Supplied material Start Marker

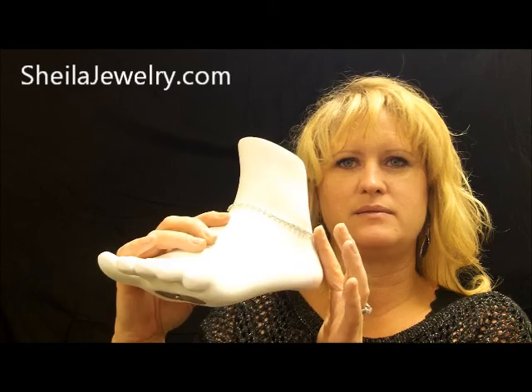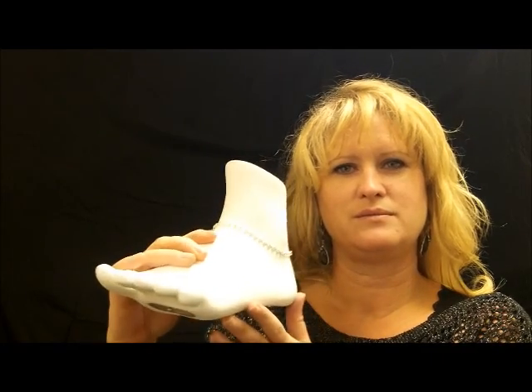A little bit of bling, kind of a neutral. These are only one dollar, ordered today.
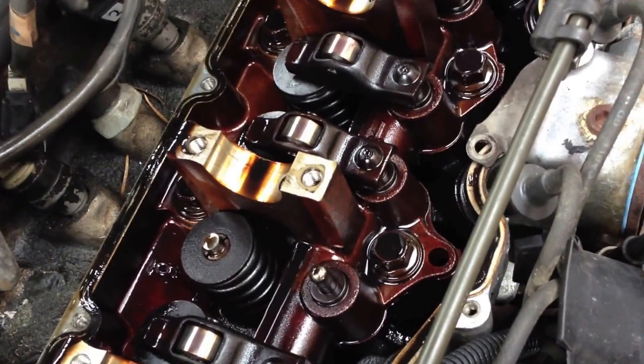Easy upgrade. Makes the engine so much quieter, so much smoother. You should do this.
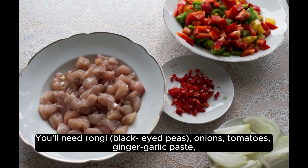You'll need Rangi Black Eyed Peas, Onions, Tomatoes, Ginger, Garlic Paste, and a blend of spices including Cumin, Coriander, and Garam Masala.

Supplied material End Marker

Restate the data above word for word. Skip every picture.

Completed exercise:
A little bit of bling, kind of a neutral. These are only one dollar, ordered today.
Easy upgrade. Makes the engine so much quieter, so much smoother. You should do this.
You'll need Rangi Black Eyed Peas, Onions, Tomatoes, Ginger, Garlic Paste, and a blend of spices including Cumin, Coriander, and Garam Masala.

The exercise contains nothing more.